Studio Conductor Backup and Restore Guide
Overview
Snapshots provide a way for backing up the state of the Conductor Manager. A snapshot should be taken on a daily basis (suggest in an off peak time) and can be automated using the REST API as an alternative to an operator manually running the snapshot as shown here in this user guide.
Backing up the virtual machine that the Conductor Managers run on should be done at regular intervals, this would be dictated by a backup policies and would likely involve daily, weekly, monthly and yearly backups as required. The method for backing up the Conductor Manager virtual machines falls outside the scope of this document.
Snapshots
Snapshots of the HA Conductor Manager cluster should be taken at regular intervals (suggest daily), this can be automated through the REST based Service API or can be done manually by an operator using the UI or CFY CLI. The screenshot below shows the menu presented to the operator when the settings button (i.e. cog icon on the right top of the menu) is clicked.
Creating snapshot
Create snapshot:
CLI
cfy snapshots create SNAPSHOT_ID
REST
curl -X PUT --header "Tenant: <manager-tenant>" -u <manager-username>:<manager-password> "http://<manager-ip>/api/v3.1/snapshots/<snapshot-id>"
Parameters specification available in the Studio Conductor API documentation.
Download snapshot:
CLI
cfy snapshots download [OPTIONS] SNAPSHOT_ID
REST
curl -X GET --header "Tenant: <manager-tenant>" -u <manager-username>:<manager-password> "http://<manager-ip>/api/v3.1/snapshots/<snapshot-id>/archive" > <snapshot-archive-filename>.zip
Parameters specification available in the Studio Conductor API documentation.
Applying snapshot
Upload snapshot
CLI
cfy snapshots upload [OPTIONS] SNAPSHOT_PATH
REST
curl -X PUT \ --header "Tenant: <manager-tenant>" \ -u <manager-username>:<manager-password> \ "http://<manager-ip>/api/v3.1/snapshots/archive?snapshot_archive_url=http://url/to/archive.zip"
Parameters specification available in the Studio Conductor API documentation.
Switch the Conductor Manager to maintenance mode
CLI
cfy maintenance-mode activate
Verify that the system has entered maintenance mode before moving on to the next step.
Restore snapshot
CLI
cfy snapshots restore [OPTIONS] —tenant-name <TEXT> SNAPSHOT_ID
REST
curl -s -X POST \ --header "Content-Type: application/json" \ --header "Tenant: <manager-tenant>" \ -u <manager-username>:<manager-password> \ -d '{"tenant_name": "<manager-tenant>", "force": false, "restore_certificates": false, "no_reboot": false}' \ "http://<manager-ip>/api/v3.1/snapshots/<snapshot-id>/restore"

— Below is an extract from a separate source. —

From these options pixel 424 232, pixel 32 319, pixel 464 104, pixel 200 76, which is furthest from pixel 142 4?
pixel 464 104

Parameters specification available in the Studio Conductor API documentation.
Snapshot-restore status
(Supported for Conductor Manager 5.0.5 and above.)
Check the status of the
restore_snapshot
workflow by using thecfy snapshots status
command.CLI
cfy snapshots status
REST
curl -X GET "http://<manager-ip>/api/v3.1/snapshot-status"
There are two possible responses:
- {‘status’: ‘Snapshot restore in progress…\nThis may take a while, depending on the snapshot size.‘}
- {‘status’: ‘No
restore_snapshot
workflow currently running.‘}
If the restore is done as part of Upgrade to a newer Conductor Manager version, consider performing also:
Execute install_new_agents workflow on the new Conductor Manager so that all hosts agents are updated and connected to RabbitMQ on the new Conductor Manager.
Update plugins
This is done in order to update the deployments to use new plugins(when upgrading to py2py3 plugins wagons).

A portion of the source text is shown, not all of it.